The same specification query produces a different supplier shortlist on ChatGPT than on Perplexity, Gemini or Claude, because each extracts specs and compatibility data differently. A manufacturing team needs that variance summarized into one figure, not flattened into a meaningless average.

SkuLift measures every priority engine and normalizes the results so you read one technical-presence number with the per-engine detail one click away. A competitor can dominate one engine while being weak on another; the breakdown tells you where a single spec fix moves the most answers, and whether the win is parametric — what the model already associates with your brand — or web-grounded from a live datasheet at query time.

That distinction matters for manufacturing because it changes the lever. Parametric presence is earned through long-run technical authority; grounded presence is won by being the cleanest, most extractable spec source the engine can pull at the moment of the query. Your backlog reflects both, and your report shows which lever is moving for which product family, so engineering and content effort lands where it wins the specification.

First 90 days

What the first quarter looks like for manufacturing

An engineering or product lead does not want a year-long programme before any evidence appears. The first ninety days produce a technical-presence baseline, a prioritized PIM-and-content backlog, and a measured lift you can present to the business.

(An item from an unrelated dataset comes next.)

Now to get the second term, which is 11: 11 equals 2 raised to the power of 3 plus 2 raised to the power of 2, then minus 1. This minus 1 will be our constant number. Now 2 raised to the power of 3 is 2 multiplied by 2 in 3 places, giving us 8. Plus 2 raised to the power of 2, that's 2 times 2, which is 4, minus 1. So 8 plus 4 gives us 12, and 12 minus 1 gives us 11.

The opening weeks establish the baseline: which engines, which product families, which competitors, and exactly where your parts stand on each priority technical query. This is the moment most teams discover their real position — often more absent than expected because their best specs are trapped in PDFs, and occasionally stronger than they feared on a niche family they had under-promoted.

The middle of the quarter is execution: the highest-leverage fixes ship through the human gate, usually structured specs and machine-readable compatibility data for the product families with the steepest payoff. Because these are the moves that move the most answers, the technical-presence curve typically starts bending inside the same window, on both the OEM specification channel and D2C aftersales.

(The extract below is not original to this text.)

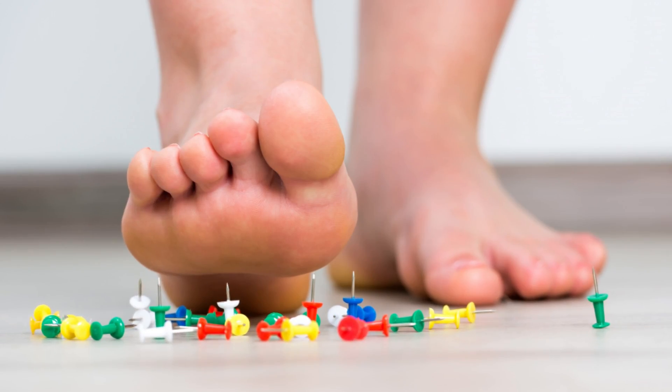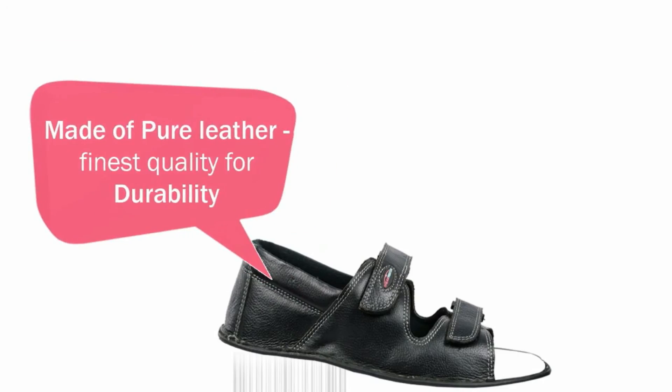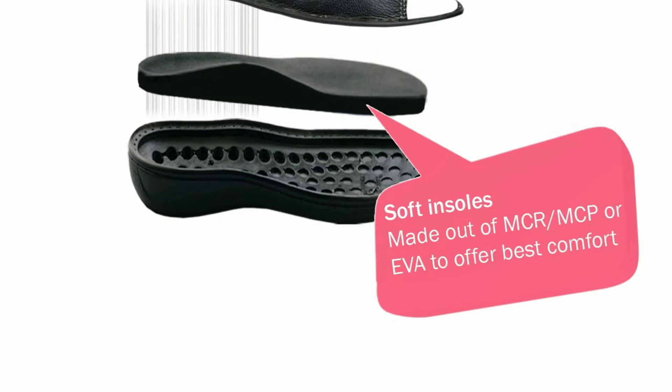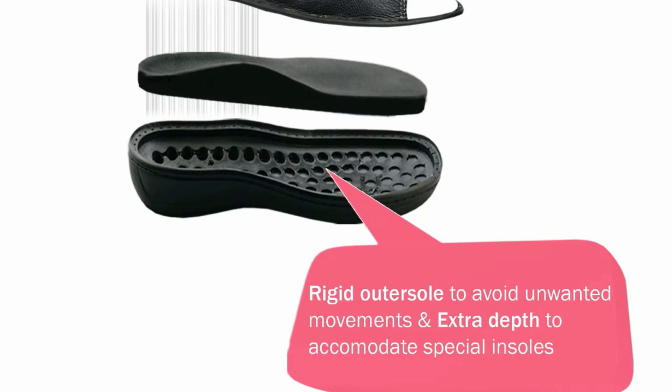Is there any special footwear for diabetes? Yes, of course there is. People with diabetes don't have proper sensation, so when they walk they are not able to feel the surface. We have special footwear which is made with special insoles that act as shock absorbers — they take away the pressure under your foot.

The close of the quarter is the re-measure and the report: the lift, expressed as technical presence and compatibility-query citation rate, with the named spec and content actions behind it and a prioritized plan for the next window. That artifact — evidence plus a roadmap — is what lets a manufacturer move from a pilot on one product family to an operated programme across the catalog with the business behind it.

FAQ

Manufacturing questions, answered

Do you connect to our PIM or spec database?

Yes. Your PIM, spec database or technical-document store is the source of truth SkuLift turns into citable assets. We map which technical attributes engines use to match a specification or compatibility query and prioritize the fixes that lift technical presence, often by freeing specs trapped in PDFs into machine-readable form.

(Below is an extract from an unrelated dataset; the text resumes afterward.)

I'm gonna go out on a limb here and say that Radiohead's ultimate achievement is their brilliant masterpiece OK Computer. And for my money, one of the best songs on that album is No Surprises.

Why are our datasheets not getting cited?

Most manufacturing data is locked in datasheet PDFs an engine cannot reliably extract. We identify which specs and compatibility data the engines need but cannot read, and prioritize turning them into structured, extractable assets, so the catalog you already have becomes the technical source engines cite.

Does this cover aftersales D2C, not just OEM B2B?

Yes. We measure OEM and distributor specification queries alongside D2C aftersales queries ("where to buy [part]", "[part] compatible with [model]"), so the engineers who design you in and the buyers searching for a replacement part are measured as one technical-catalog story.

Which engines and modes do you measure?

The engines specifiers and buyers use — ChatGPT, Perplexity, Gemini and Claude among them — in both parametric and web-grounded modes, because a compatibility query can return a very different, and differently accurate, answer depending on whether the engine answers from memory or pulls a live datasheet.

How fast does technical presence move?

It depends on your starting point and how much of your data is currently extractable, but most pilots show a measurable lift within the first window, because the earliest fixes — structured specs and machine-readable compatibility data — are also the highest-leverage ones for manufacturing.